Irish Roots w/Galways,Garvey,Lunasa,AIR Ens, TSSO

With a wide-ranging programme featuring familiar landmarks, creative adventures and musical surprises, Daniel Hope’s latest Deutsche Grammophon album is now available. The release coincides with news of Hope’s appointment as the next Intendant and Artistic Director of the Gstaad Menuhin Festival and Academy, a role he assumes as of 1 November 2025. Irish Roots is available on CD, digitally and on vinyl (2 LPs). Limited-edition versions of both the CD and the vinyl album – including an art card signed by Daniel Hope – are available exclusively from the DG Store.

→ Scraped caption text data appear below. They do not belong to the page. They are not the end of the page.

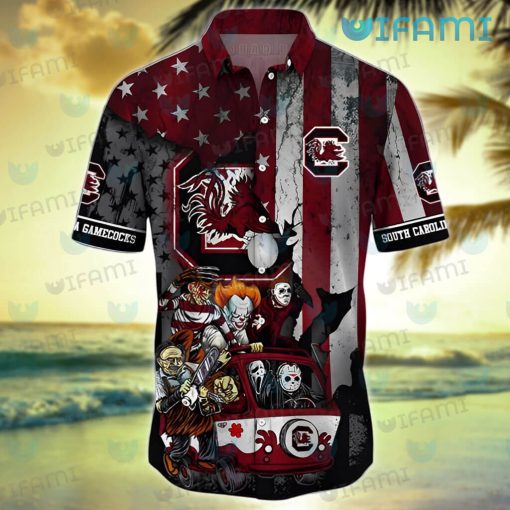Gamecocks Hawaiian Shirt Horror Characters Broken USA Flag Gamecocks Gift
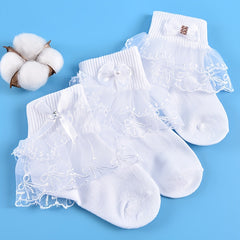 3 Pairs Girls Lace Brim Ruffled Bow Knit Crew Socks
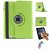 PU Leather Full 360 Degree Rotating Flip Book Case Cover Stand for ipad 4 ipad 3 ipad 2 (Green) with Matte Screen Guard and Wrist band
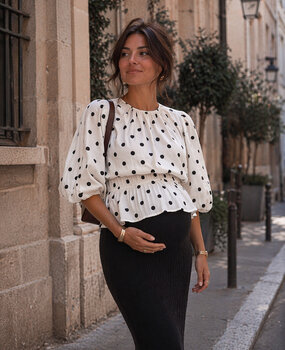dotted peplum top ♡ black & white
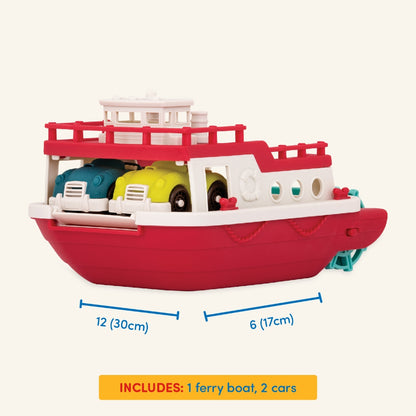 Red Ferry Boat with 2 Cars & Ramp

Brought up on stories of his paternal great-grandfather Daniel McKenna, who left Ireland in the 1890s to build a new life in South Africa, Hope has always been intrigued by Irish music and culture. As well as making a documentary for ARTE and WDR entitled Celtic Dreams: Daniel Hope’s Hidden Irish History, first aired in spring 2022, the violinist has been delving deeper into the connections between folk and classical music in Ireland, informed by performance experiences with award-winning Irish band Lúnasa and the research of musicologist Olivier Fourés.

Daniel Hope:

Dance! w/Zurcher Kammerorchester

Daniel Hope has long been fascinated by the power of dance to move and inspire. Taking listeners on a journey through seven centuries of music history, his latest Deutsche Grammophon album, DANCE!, celebrates the rhythms that have set bodies in motion and lifted hearts since time began. With everything from the anonymous 14th-century Lamento di Tristano to Wojciech Kilar’s 1986 work Orawa, via classics by Purcell, Handel, Mozart, Saint-Saëns, Florence Price and Duke Ellington, among many others, the album will be released digitally and on 2 CDs on 2 February 2024. 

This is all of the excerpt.